"Camilerin
en çok sizleri nesi etkiliyor" diye sorsam, sanırım birçok kişi farklı
düşüncelerini kendine göre söyler…
İzninizle
ben başımdan geçen bir yaşanmışlığı anlatarak düşüncelerimi aynen şöyle
aktarayım…
Bir kaç
sene önceydi. İlçemizde tanınan bir büyüğümüzün cenazesi cumaya denk geldiği
için önce camide cuma namazı kılındı. Camide saf tutarken önümde ve arkamda her
birini farklı siyasi partilerden tanıdığım kişiler, sol yanımda küçük bir
çocuk, sağ yanımda mahallede ki okulun müdürü, müdürün önünde öğrencisi, sol
yanımdaki çocuğun arkasında da Kaymakam saf tutmuşlardı. Saf tutan herkesin, birbirlerine iltifat veya
kibirlik yapmadan hatta bu türlü dizilişin belki de farkında bile olmadan huşu
içinde ibadetlerini yerine getiriyor olmaları…
Camilerin
şekli, büyüklüğü, manevî etkisi bir yana bundan güzel bir görüntü var mı acaba!
Osmanlı
padişahlarının bazıları kılık kıyafetini değiştirmiş bir biçimde halkın arasına
karışarak gezdiklerini çoğumuz en azından okul zamanı öğrenmişizdir. Örneğin
Dördüncü Murad, Üçüncü Osman, Üçüncü Mustafa, Birinci Abdülhamid bunlardan
birkaçıdır. İkinci Mahmud’un bazı Ramazan akşamları tebdili kıyafet Dolmabahçe
Sarayı'ndan ayrılıp Sultanahmet tarafına geçtiği, bazen de gündüzleri camileri
dolaşıp, hafız ve vaazlar dinlediğini,
3. Selim'in de genellikle tebdili kıyafet ile halkın arasına karıştığı
ve Fatih camisine gittiği vs. kitaplarda yazar.
Birde
gelelim günümüzdeki ülke yöneticilerine...
Osmanlı
özentisi içerisinde dillerinde Osmanlı padişahlarını eksik etmeyen bazı
liderler sanırım padişahların özellikle sefere çıkışlarına özenmiş olacaklar
ki, cuma günleri camiye gitmeleri sanki
sefere çıkar gibi... Konvoy hâlinde onlarca araç ve yüzlerce görevli eşliğinde
camiye gitmeleri... Tâbi ki gideceği caminin yönüne doğru yolların kapatılması,
saatler öncesinden caminin kontrolünün yapılması ve kontrolden geçen kişilerin
içeri alınması... vs.
Ve olmazsa
olmazı!. Her cami çıkışı, daha cami
avlusunda olmalarına rağmen kameralar karşısında maneviyatı bırakarak siyasi
demeç verilmesi.
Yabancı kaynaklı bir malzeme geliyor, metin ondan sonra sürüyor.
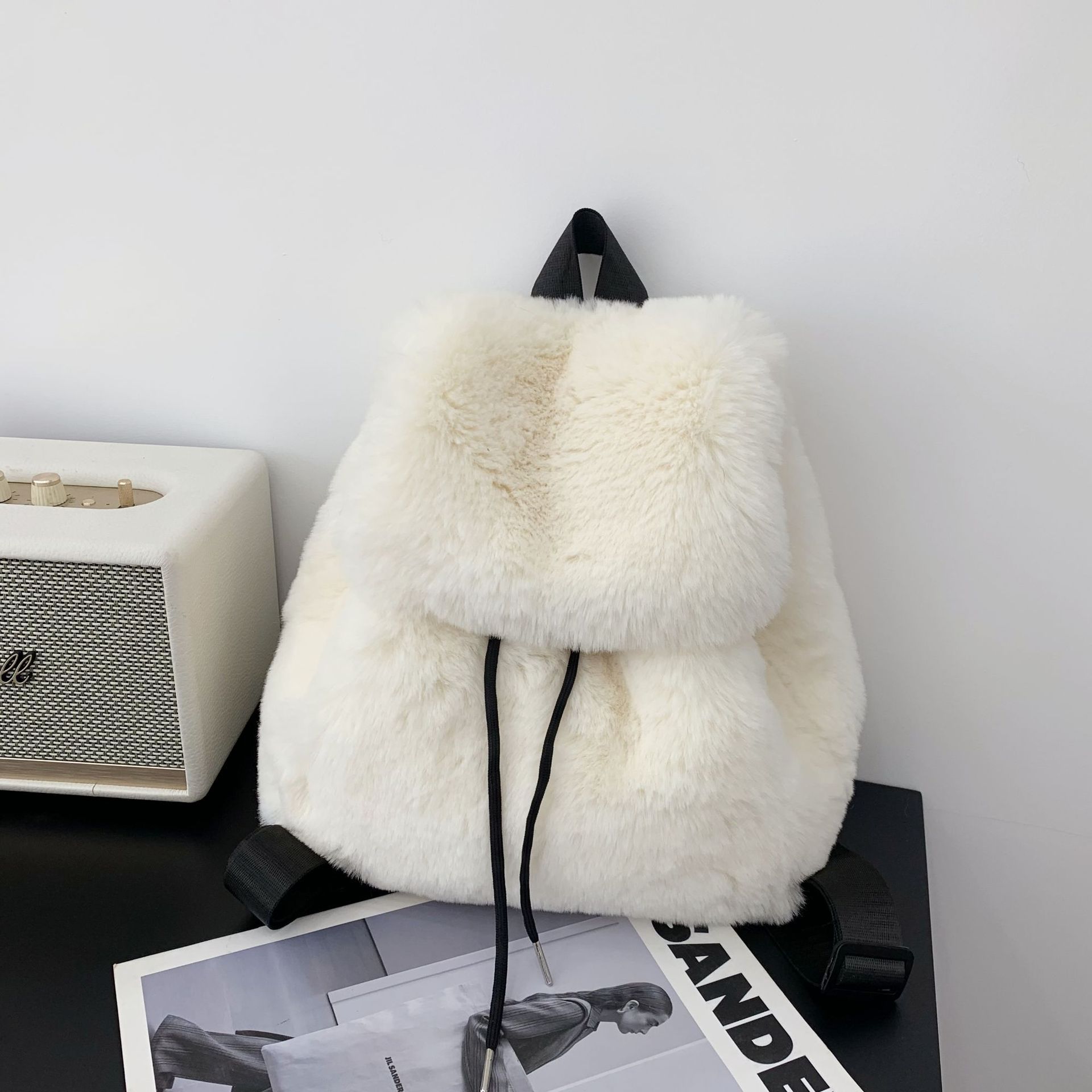 女性フェイクキツネの毛皮のバックパック無地巾着秋冬ソフトぬい - Women Bags Max のレビューと価格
Hatta bazen caminin
içinde bile!!
Ben burada
frene basıyor ve gerisini sizin düşüncenize bırakıyorum. Atatürk'ün o güzel
söylemi ile de bu ayki köşe yazımı bitiriyorum.
"Din
gibi temiz bir duygu, politika gibi kirli oyunlara alet edilemez. Din, ait
olduğu yerde, temiz vicdan sahnesinde yaşanmalıdır." ...
Bana vakit
ayırdığınız için teşekkür ederim…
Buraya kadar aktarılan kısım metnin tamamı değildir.